My body is taking revenge on me for snowshoeing yesterday and skiing on Saturday.

                    It’s worse than just not being able to move. Although that’s part of it.

                    I also have a migraine that won’t go away. I’m sure I got dehydrated yesterday, only adding to that pain.

                    But today, I just felt sick. Tired and sore and sick. Not sick to my stomach or feverish… just sick. I could just barely move. Kaitlyn and I watched two movies then took a nap for like three hours.

                    Perhaps I’m not cut out for all this French activity.

2 Responses to “AARRGH”

  1. Todd says:

    See, I thought the whole thing about the French was that they were very easy-going and soft. Your approach doesn’t seem to be working. May I suggest just hanging out in the ski lodge, sipping wine, eating danish, and looking sharp in your overpriced ski gear. That, to me, sounds more French like….but that’s an American’s perspective.

  2. Todd says:


    French health minister seeks nap study

    The French already enjoy a 35-hour work week and generous vacation. Now the health minister wants to look into whether workers should be allowed to sleep on the job.

    France launched plans this week to spend $9 million this year to improve public awareness about sleeping troubles. About one in three French people suffer from them, the ministry says.

    Fifty-six percent of French complain that a poor night’s sleep has affected their job performance, according to the ministry.

    “Why not a nap at work? It can’t be a taboo subject,” Health Minister Xavier Bertrand said Monday. He called for further studies and said he would promote on-the-job naps if they prove useful.

    France’s state-run health insurance provider will send letters explaining the importance of good sleep.

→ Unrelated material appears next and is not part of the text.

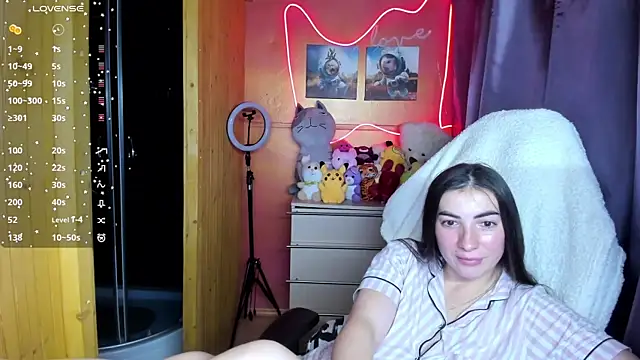 Snapshot of Fiery_Brunette_ chatting on November 3, 4:19 pm Fiery Brunette  online show from November 3, 4:19 pm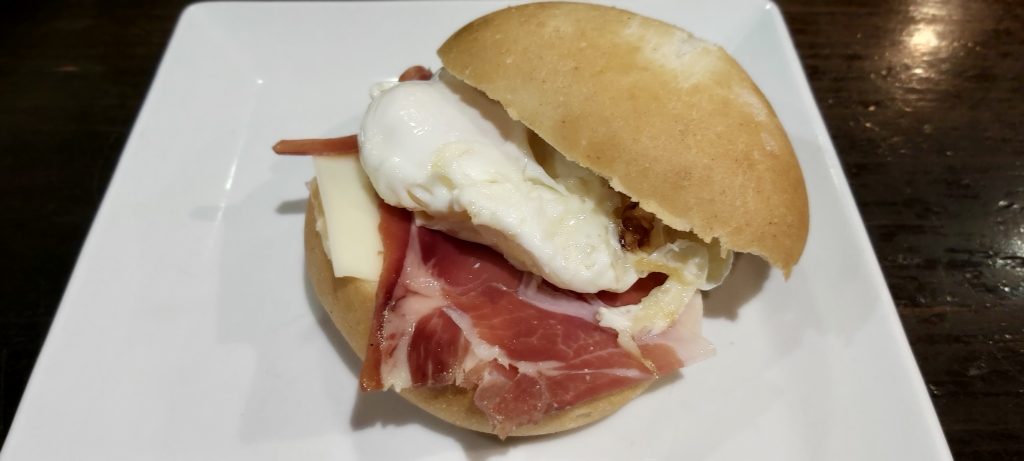 Montado de queso, jamón y huevo frito.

The Health Ministry’s Web site offers tips on how best to get a good night’s rest.

    The ministry’s online “Passport to Sleep” recommends cutting down on coffee, tea, colas, and athletic activity after 8 p.m., shunning TV time or working late in the evening, and listening better to the body’s own sleep signals, such as yawning.

    Bertrand said sleepiness causes 20 percent to 30 percent of highway accidents across France each year.